| Exercise |
For this exercise, copy exactly the lines below from the one with "Wheel Bearing Kit (QWB1197)" through the one with "Rod bearings fits" and leave out the pictures.

| Data |
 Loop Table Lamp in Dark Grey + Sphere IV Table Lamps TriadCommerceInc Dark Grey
---
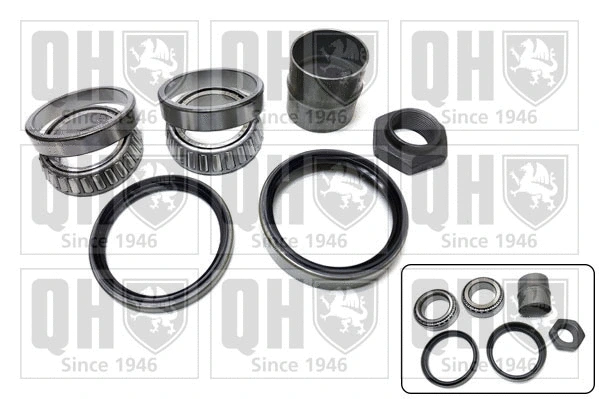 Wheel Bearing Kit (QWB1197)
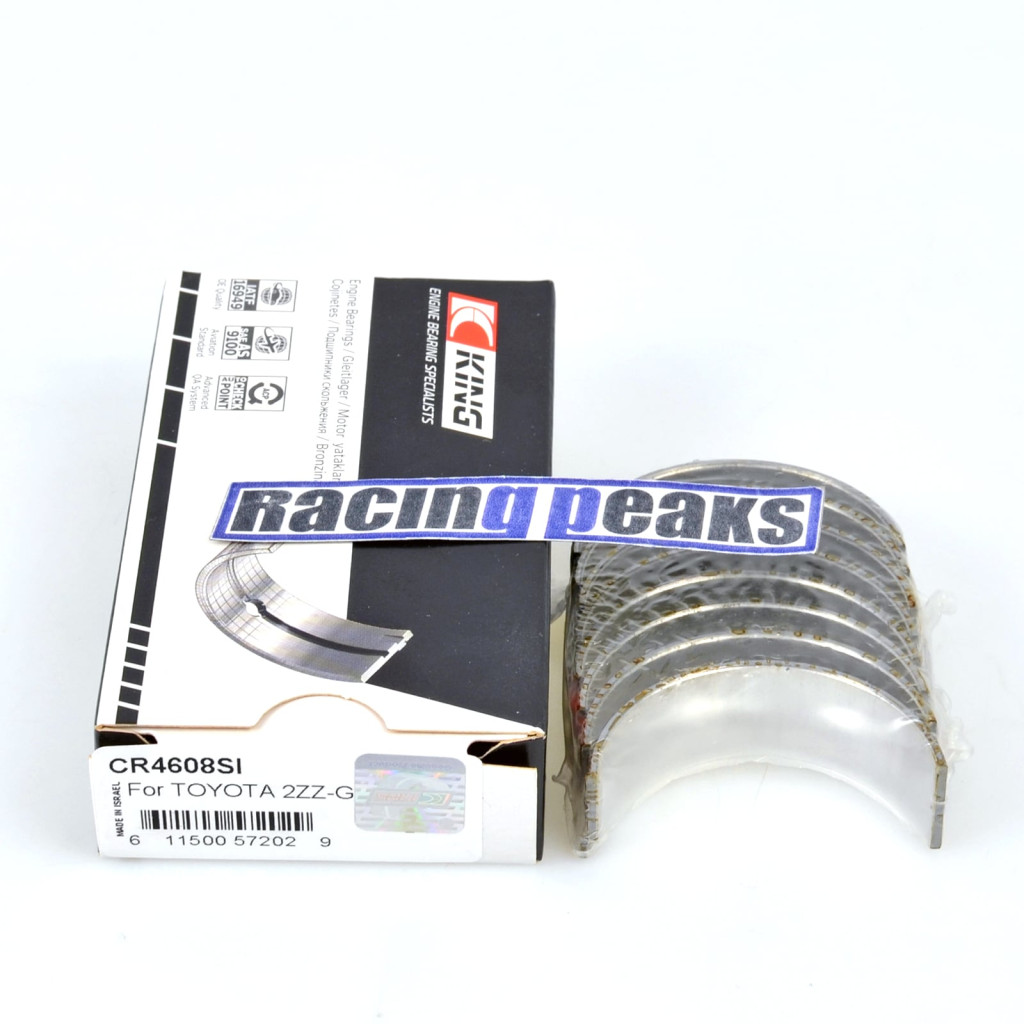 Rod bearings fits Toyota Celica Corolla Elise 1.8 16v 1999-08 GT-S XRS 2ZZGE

| Response |
 Wheel Bearing Kit (QWB1197)
 Rod bearings fits Toyota Celica Corolla Elise 1.8 16v 1999-08 GT-S XRS 2ZZGE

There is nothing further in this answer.